IT exists to support and enable the mission of the university, facilitating an environment for research, teaching, learning and clinical activity. University and school strategy will drive IT strategies and initiatives. We will provide a responsive environment that serves the needs and expectations of students, faculty, staff and patients. IT service activities will be designed first to enhance the experience of our faculty, students and patients and secondarily to support staff in their administrative activities. IT services will provide information management services to meet the needs of university and school leadership.

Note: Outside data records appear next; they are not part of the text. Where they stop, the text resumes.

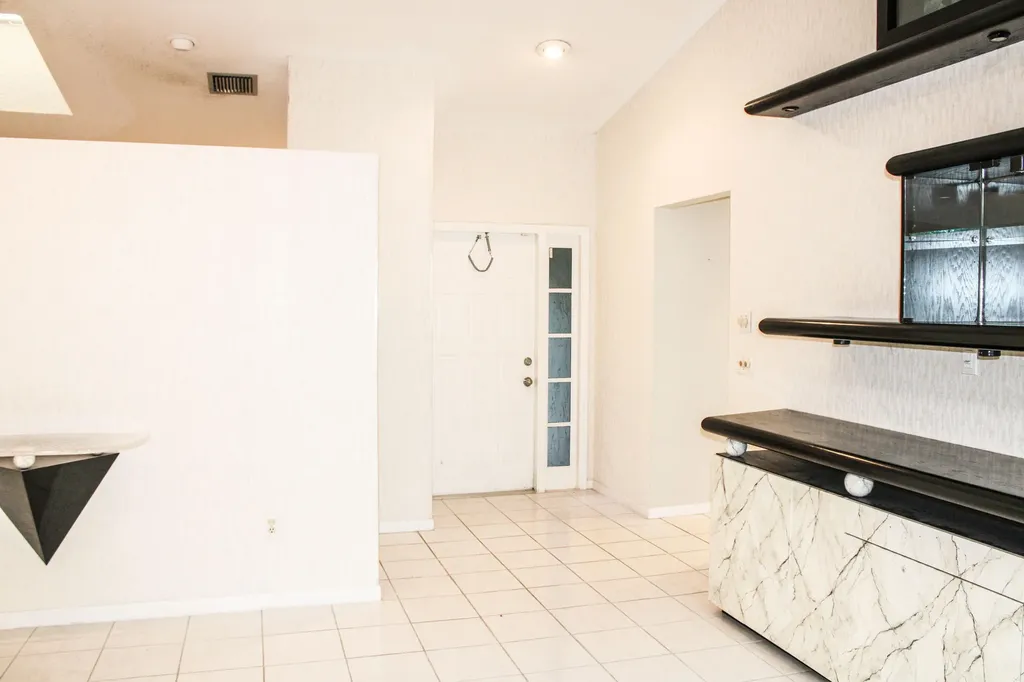 2583 NW 13th Street Delray Beach FL 33445
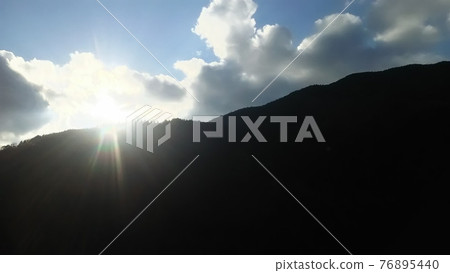 山 山 76895440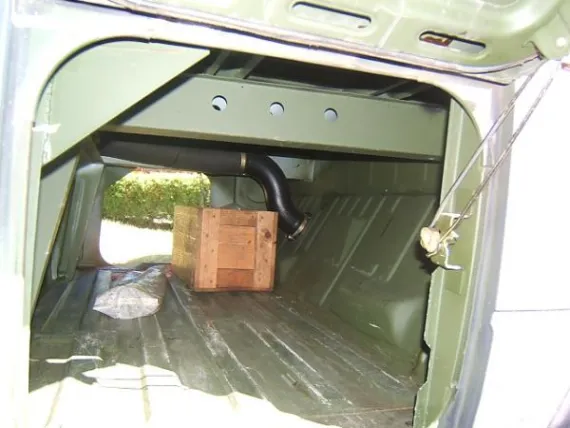 Vehicle Image 3 - 1991 Volkswagen Diesel Army Transporter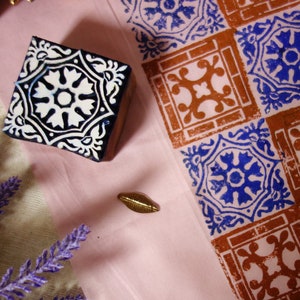 Tile pattern block printing stamp made of wood in square shape, intricate pattern fabric stamp from India for eco friendly sustainable gift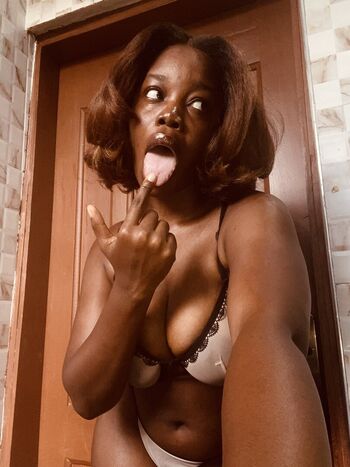 Full leaked Adeline thompson private onlyfans photo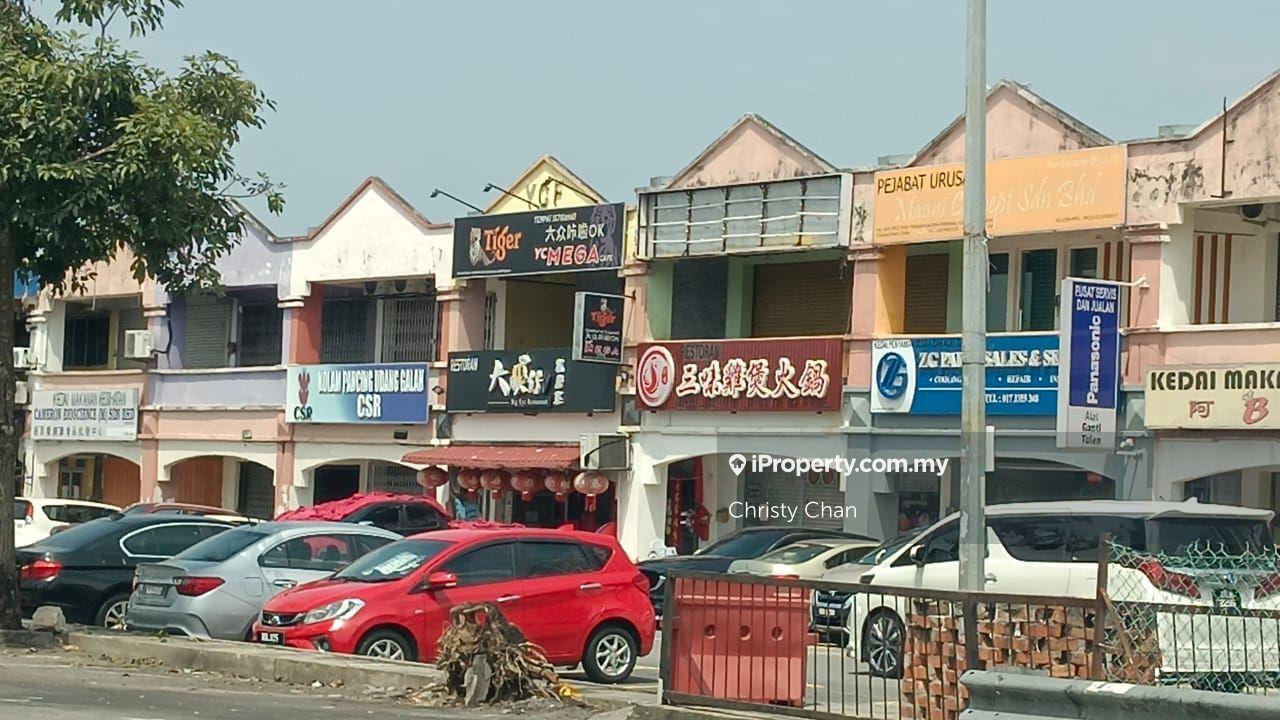 Ground Floor Shop Pusat Perdagangan Seri Kembangan (Psk) for Rent
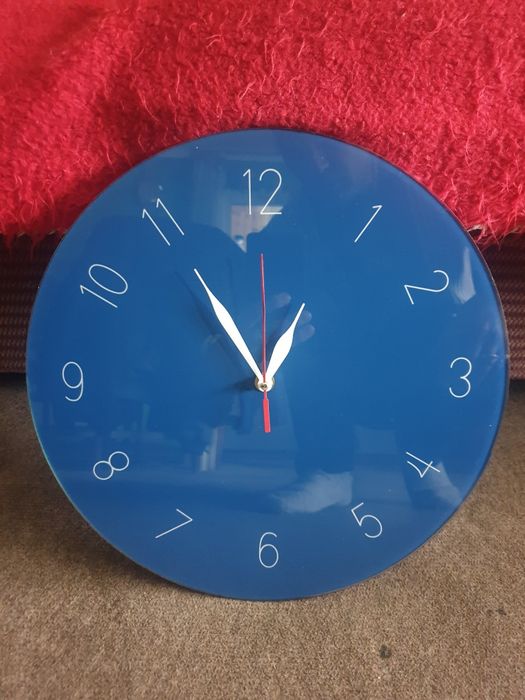 Стенен часовник голям стъклен.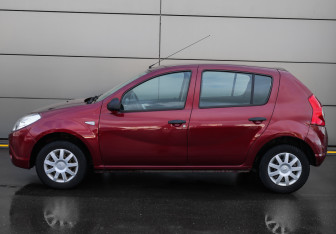 Подержанный автомобиль Renault Sandero 2014 года (8 фото)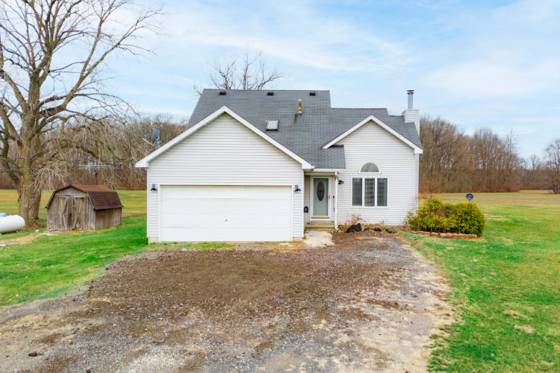12215 Crossman Road, Carleton, MI 48117 photo 2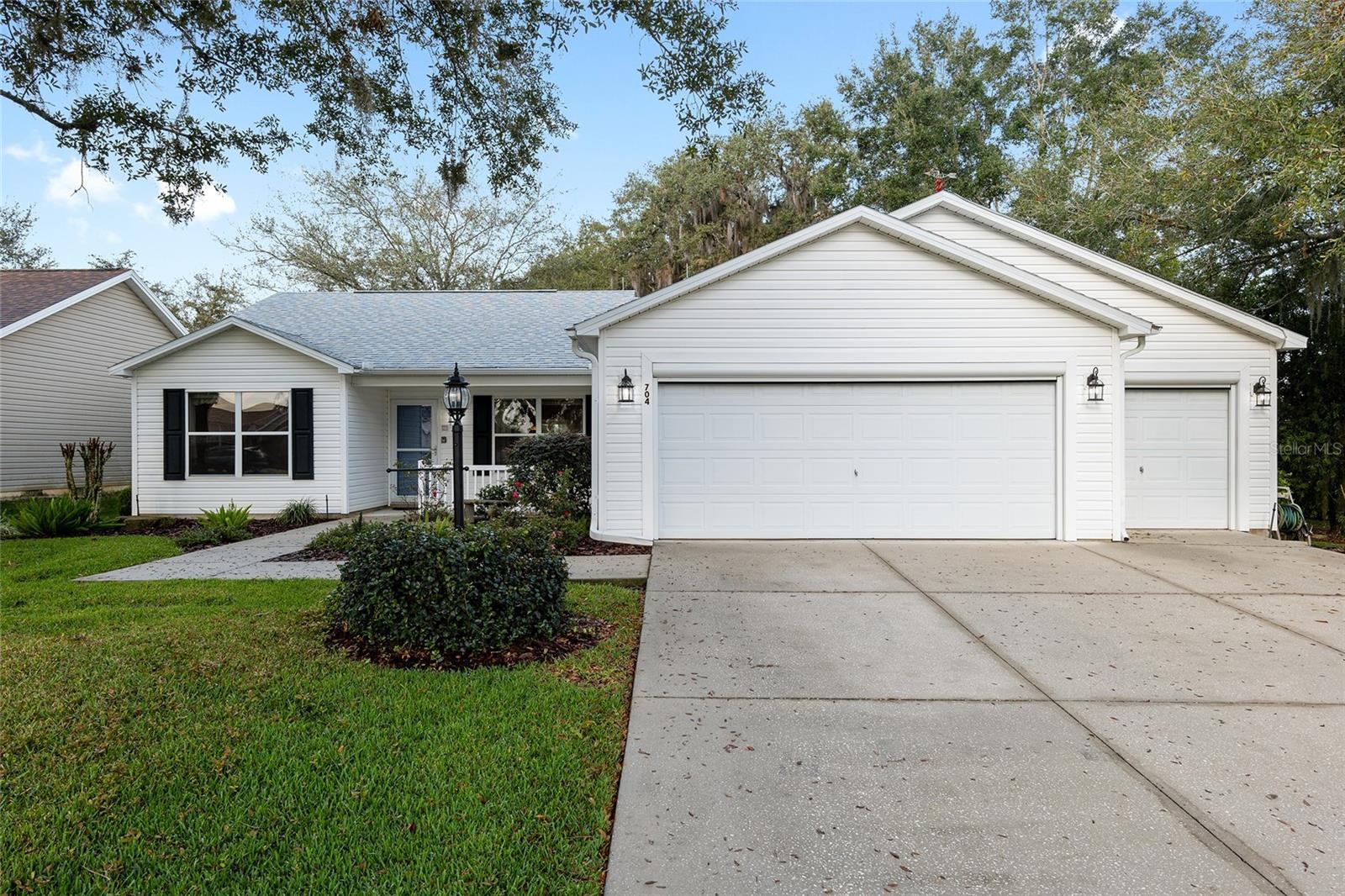 Photo one of 704 Alcott Ave The Villages FL 32162 | MLS G5077422
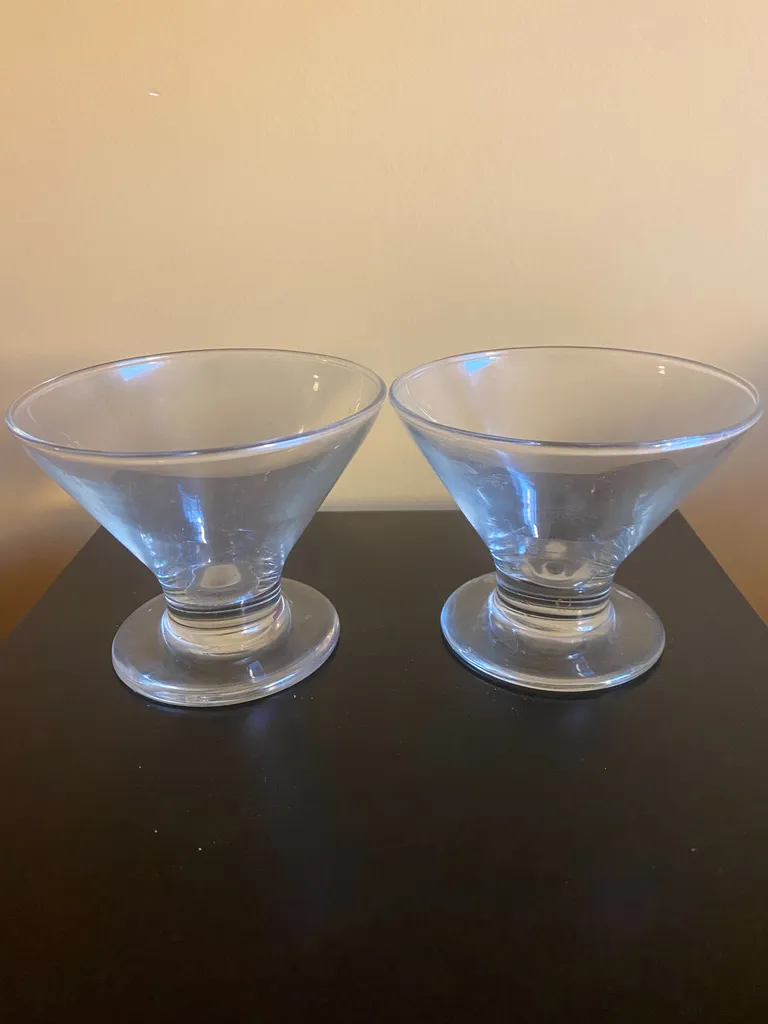 2 martini cocktail glasses  photo 1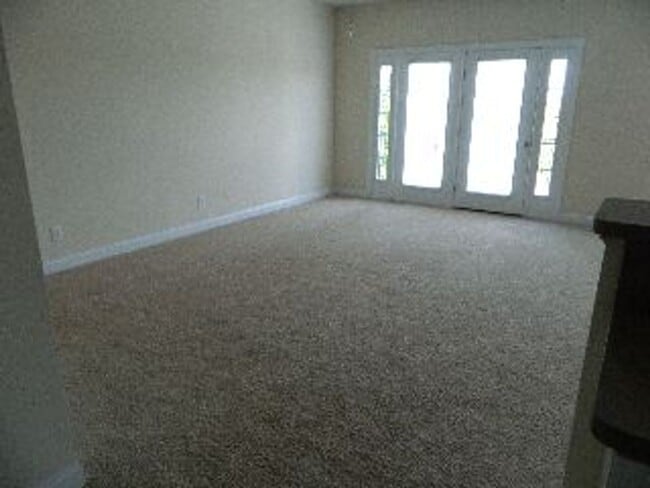 Building Photo - 101 Duncraig Dr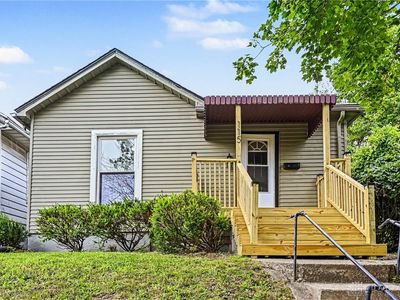 115 Oaklawn Ave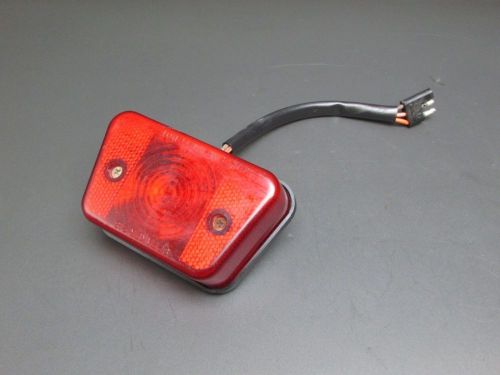Polaris magnum 425 4x2 1996 rear brake light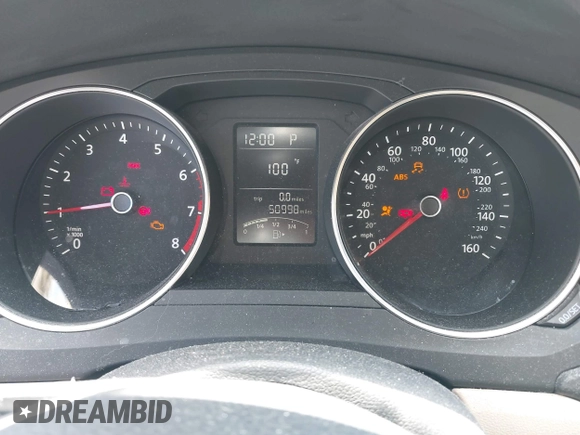 2015 Volkswagen Jetta SE with VIN 3VWD17AJ7FM303892, listed as a IAAI auction lot 42386050 with 50,998 mi miles and . Bid and sale history available at DreamBid. Image 7.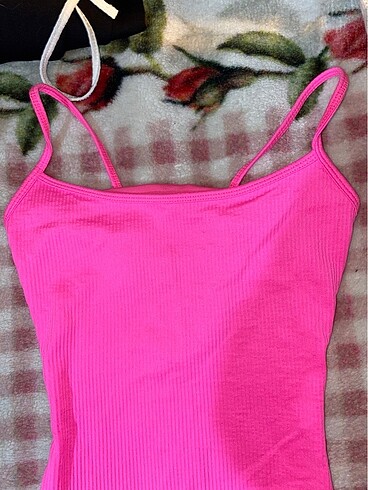 xs Beden bershka pembe bluz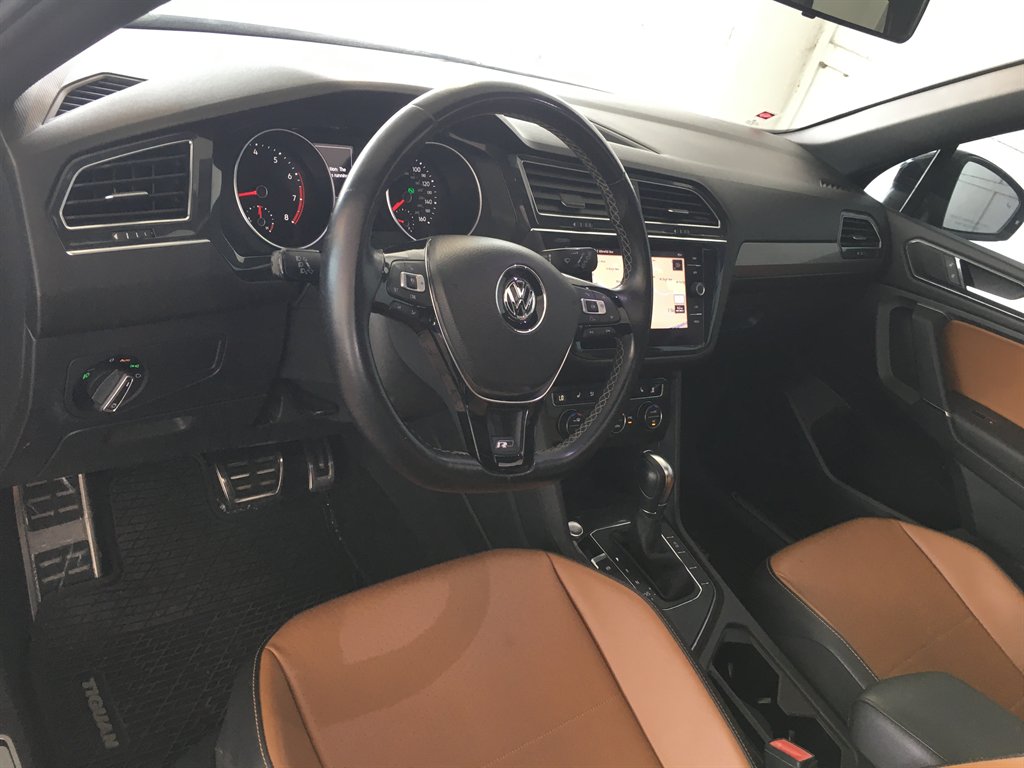 2018 Volkswagen Tiguan - $15,995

Appropriate Solutions Approach
The IT governance structure recognizes there are times when building applications to differentiate the university will be a strategic advantage. However our “first choice” is to acquire technology. Insource or outsource decisions will be based on a clearly defined set of criteria. Where it makes sense, we will reduce the number of vendors. Doing so improves integration, allows us to maintain a staff focused on a limited number of strategically selected IT skills, improves the support model, increases user productivity and lowers total cost of ownership. The university will practice process redesign and is open to changing processes to leverage best practice inherent in acquired software. We also acknowledge that minimal modification of acquired systems is better than complete system development. Once a need is validated, IT will work with campus constituents to identify business and architectural requirements, examine existing solutions, and consider the resource capacity needed to develop, scale and support a solution throughout its lifecycle.
Data is an Asset
The university’s data — by definition, practice, and intent — is a University asset. Data will be managed as an institutional resource. Specifically, institutional data will be identified and defined.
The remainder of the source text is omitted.